Aceptando como cierta la relación, el film naufraga estrepitosamente en cuanto a diseño de caracteres. Los familiares, políticos y militares que rodean a Victoria, en definitiva quienes sustentan su poder, son convertidos en marionetas escapadas de  una zarzuela.  En tanto Victoria, octogenaria  y muy          probablemente senil, se transforma en una “joven” rebelde, astuta, poderosa aun cuando carece totalmente de apoyo, anti-imperialista, defensora del Islam, acerada crítica de la política que mediante engaños la obligara a sojuzgar a algunos pueblos. Verdadera líder del “antiestablishment”, digna heredera de Romy Schneider como una envejecida Sissi.

Ni Victoria, a la que no conocimos, ni Judi Dench, formidable actriz que  ya fuera una creíble Victoria, se merecían este mamarrachesco film.
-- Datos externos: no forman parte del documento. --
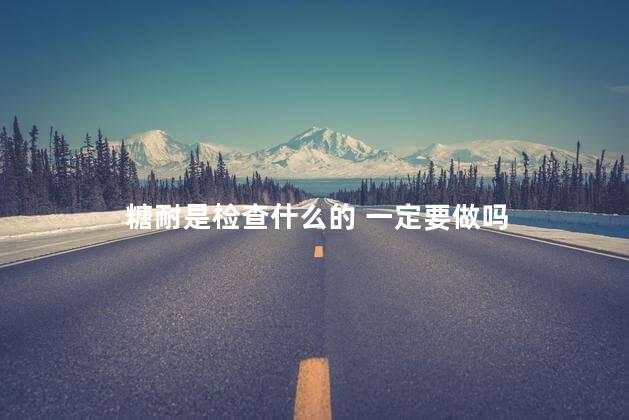 糖耐是检查什么的 一定要做吗
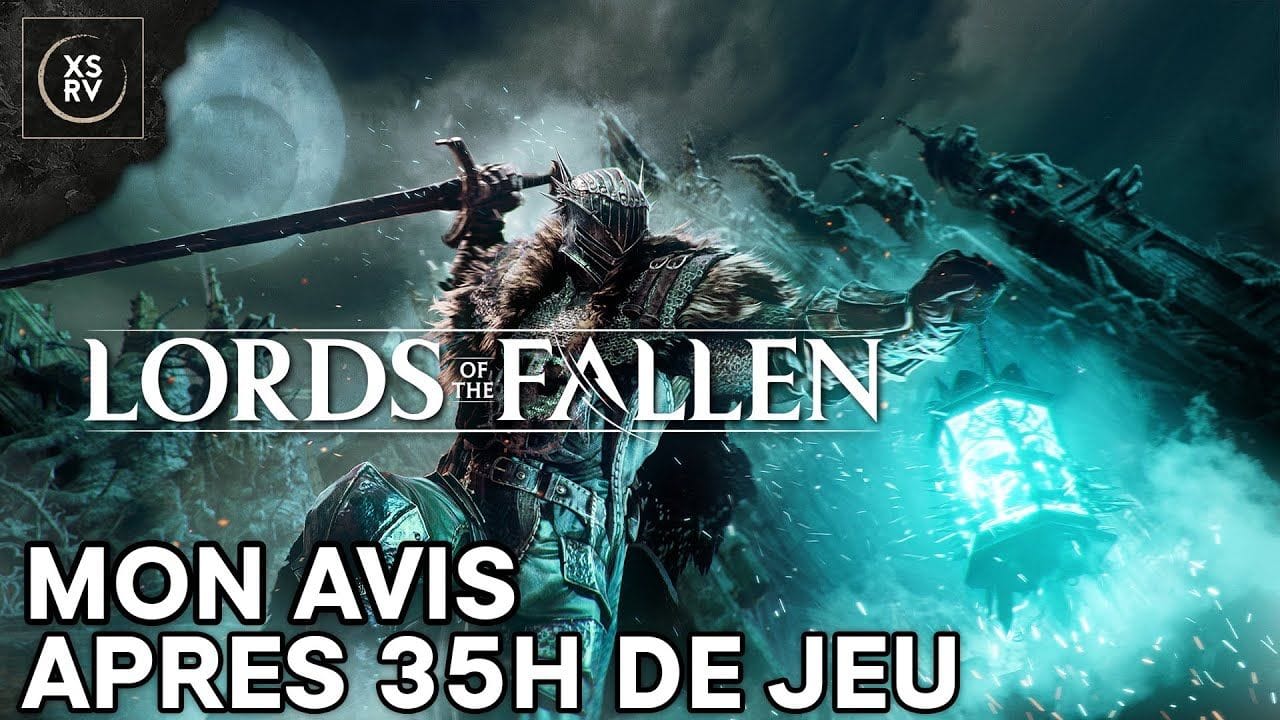 Lords of the Fallen, mon avis après 35h sur un des meilleurs Souls Like en devenir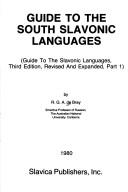 Cover of: Guide to the Slavonic languages by R. G. A. De Bray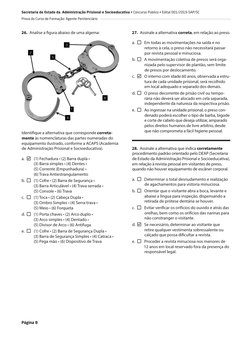 Página 8
Secretaria de Estado da Administração Prisional e Socioeducativa • Concurso Público • Edital 001/2019-SAP/SC
Prova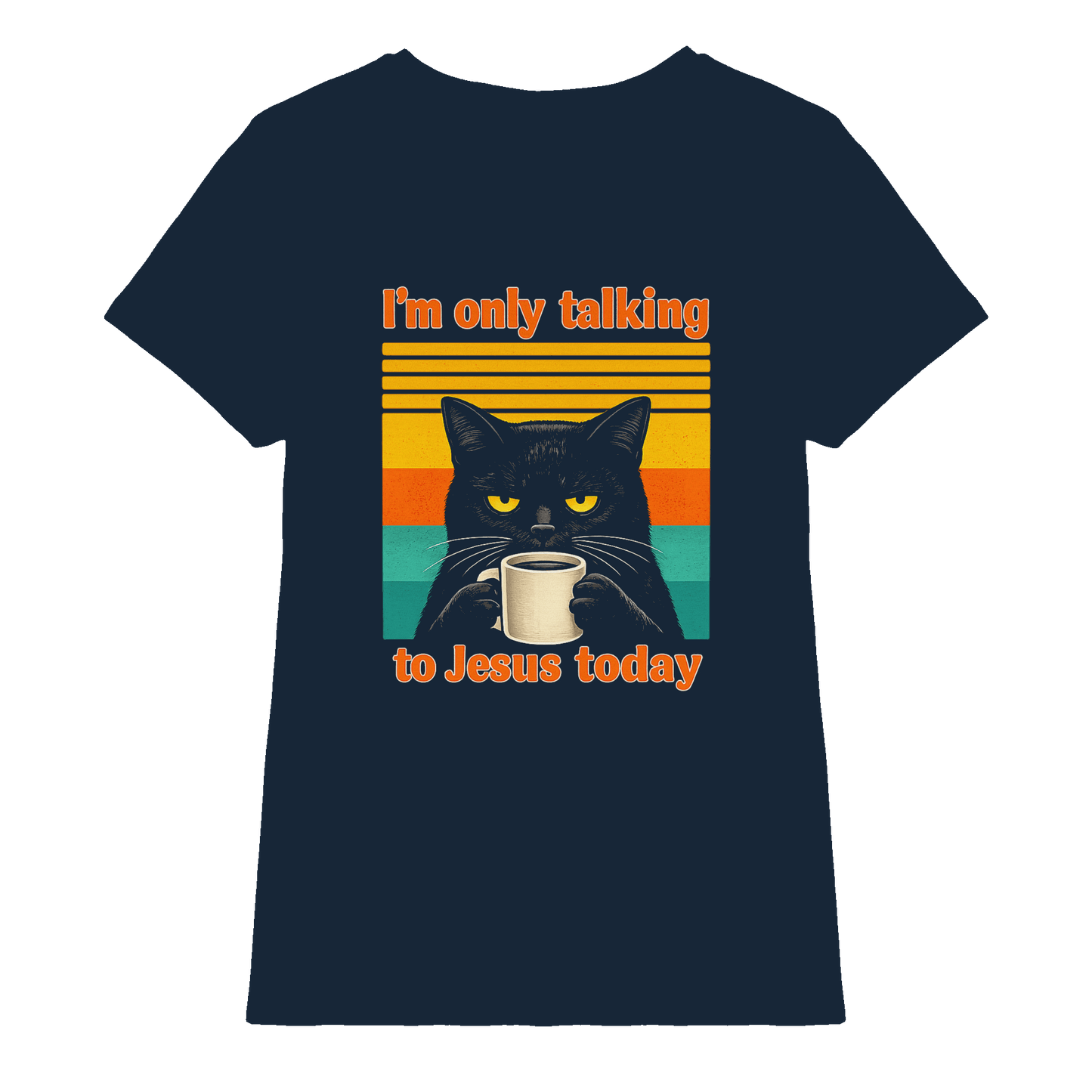 I’m Only Talking to Jesus Today – Grumpy Cat Coffee | Christliches Fun Design - Ladies Premium Shirt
Al actor indio Ali Fazal (1986), convertido en asesor imperial, debió indicársele que tomar como modelo a Peter Sellers en “La fiesta inolvidable” no era una idea feliz.

Judi Dench, a sus 81 años, reproduce de modo estremecedor a una criatura senil.

Aunque no se nota, el  realizador es Stephen Frears, un ácido cronista de la vida de indios en Gran  Bretaña (Mi bella lavandería, 1985, entre otras). La reina Isabel II, actual monarca de inmutable  presencia, fue protagonista de un anterior film de Frears, “La reina”, acerca de las conversaciones entre esta y  Tony Blair, respecto a las exequias de Lady Di.

God save the film.


El hijo de Jean (Le fils de Jean). Canadá / Francia 2017

Dir.: Philippe  Lloret. Con: Pierre Deladonchamps, Gabriel Arcand, Catherine de Léan, Marie-Thérèse Fortin.

Con escasos diálogos dispersos en pocas escenas, “El hijo de Jean” se abre, confusamente,  en variados enfoques de una misma historia.

Un  parisino, treintañero, en amistosa relación con    su ex esposa,  recibe un extraño llamado desde Canadá, anunciándole la muerte de su padre a quien no conocía. Su madre, a los catorce años, le había revelado ser  fruto de una aventura de una noche con  un desconocido.

El hombre viajará,  antes del sepelio, para conocer a sus medio hermanos, que nada saben de su existencia.

La búsqueda de un cadáver –que  pudo apuntar un sesgo policial que no cuaja- se superpone a revelaciones de secretos familiares, surgidos de modo abrupto y sin mayores explicaciones, generando desconcierto y confusión al espectador.

Si anecdóticamente el guión ofrece sus grandes baches, es la creación de  personajes,     protagonistas de un folletín familiar, la que logra cierto interés. Mérito también de un elenco que se adapta a ese juego de ambigüedades y sobreentendidos de borrosa significación y   presencia, a los que se adosan discursetes en torno a la vida, la muerte y  el arrepentimiento.